Critique : Sarah Bernhardt, La Divine

par 

- Guillaume Nicloux et Sandrine Kiberlain immortalisent une célébrité mondiale de la scène théâtrale du tournant du XXe siècle à travers un biopic d’auteur hybride et insolite

Critique : Sarah Bernhardt, La Divine
Sandrine Kiberlain dans Sarah Bernhardt, La Divine

"Voilà 29 ans que je livre aux public les vibrations de mon âme, les battements de mon coeur, mes larmes. J’ai interprété 112 rôles. J’ai lutté comme personne." Avec une figure historique artistique aussi immense que Sarah Bernhardt, La Divine, une comédienne célèbre à son époque dans le monde entier et dont les funérailles attirèrent 600 000 personnes à Paris en 1923, l’expérimenté Guillaume Nicloux s’attaquait à très forte partie dans Sarah Bernhardt, La Divine. Il était même assez étonnant sur le papier de voir un cinéaste aussi singulier se lancer dans l’aventure d’un biopic, un genre le plus souvent abordé par ses faces classiques.
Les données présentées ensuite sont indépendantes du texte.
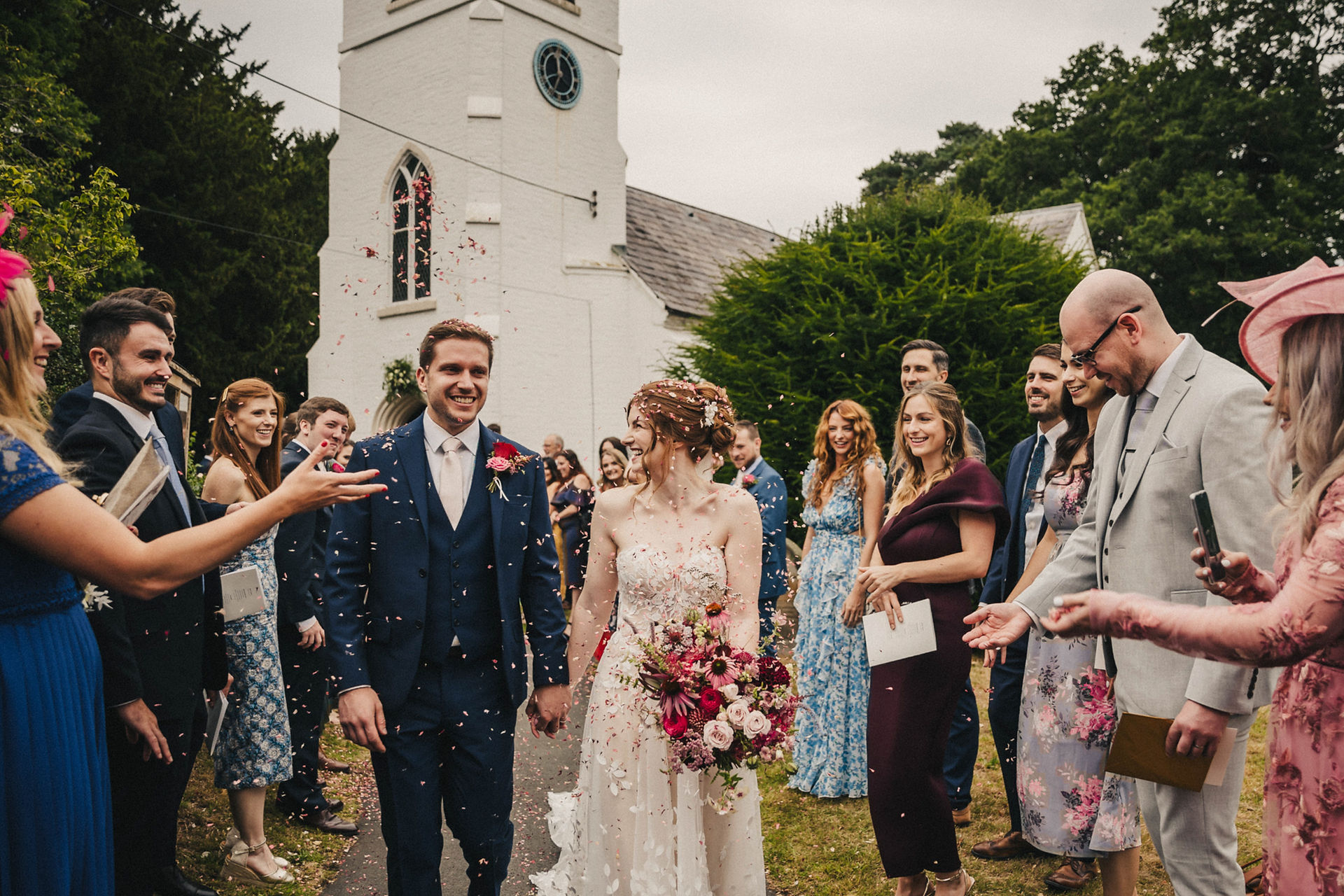 Bride and groom be showered with confetti at St Marys Whitewell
Mais le réalisateur n’a finalement renié aucune de ses passions baroques très personnelles et a extrait du scénario (écrit par Nathalie Leuthreau) un film très audacieux, à la lisière parfois du déconcertant, que Memento Distribution lancera dans les salles françaises le 18 décembre. Une œuvre dont on peut dire, comme la protagoniste elle-même, que "à défaut d’être vrai, il faut toujours mentir avec la plus grande sincérité." Car "la vérité n’existe qu’au présent, alors la raconter, c’est déjà mentir, non ?"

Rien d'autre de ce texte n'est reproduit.